• _YOUR OBJECTIVE_
Print every line of the listing below, starting with the line that holds "Map image of the property - 3811 15th Ave" and going on through the line that holds "Middlesboro Kentucky Pinnacle", both included, and print nothing else.

• _EXTRACTED DATA_
--

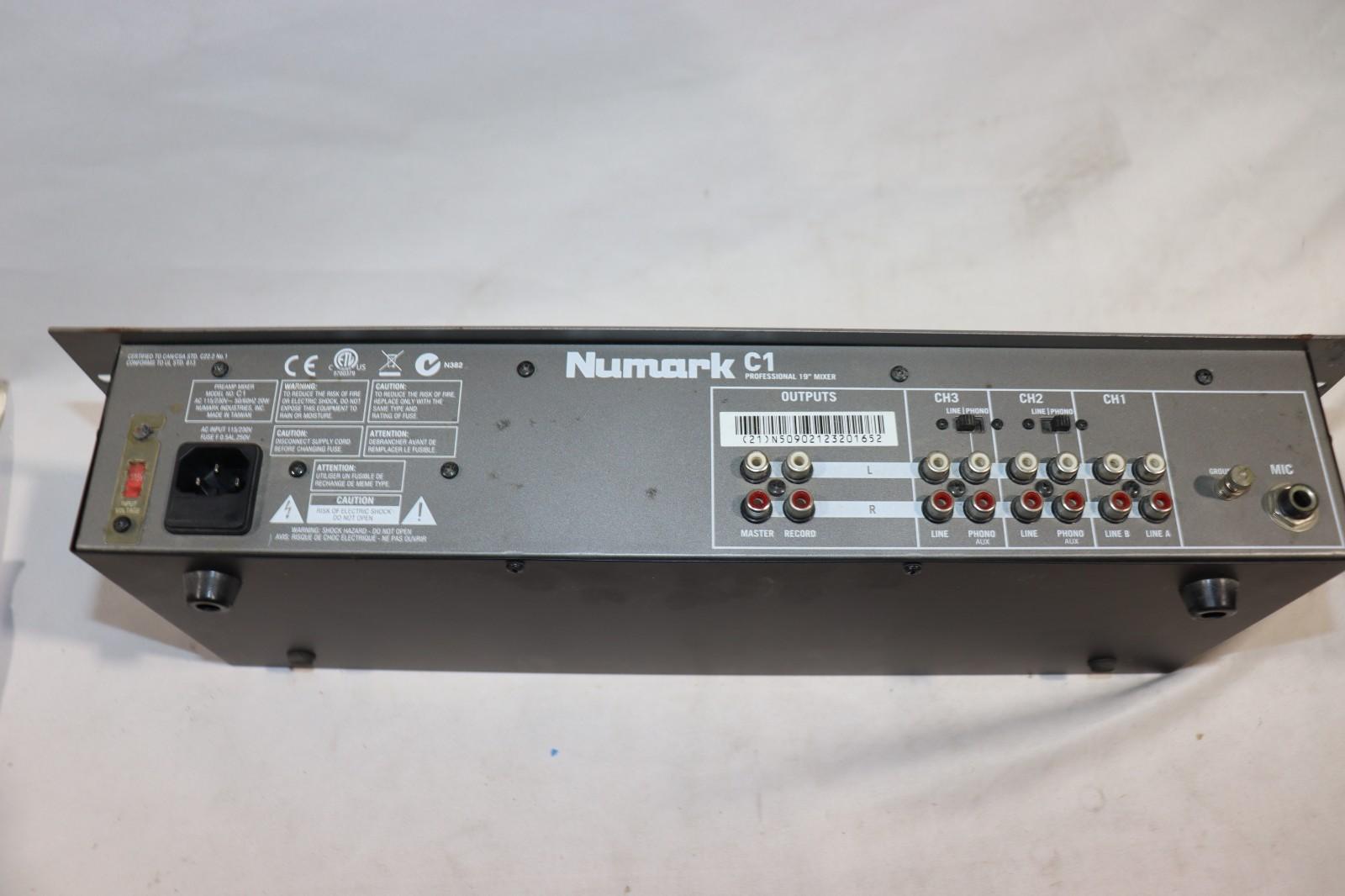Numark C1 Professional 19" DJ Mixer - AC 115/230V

--

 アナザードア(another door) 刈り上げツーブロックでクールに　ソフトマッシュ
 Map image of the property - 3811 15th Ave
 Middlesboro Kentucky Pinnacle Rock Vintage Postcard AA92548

--

• _RESPONSE TO THE EXERCISE_
 Map image of the property - 3811 15th Ave
 Middlesboro Kentucky Pinnacle Rock Vintage Postcard AA92548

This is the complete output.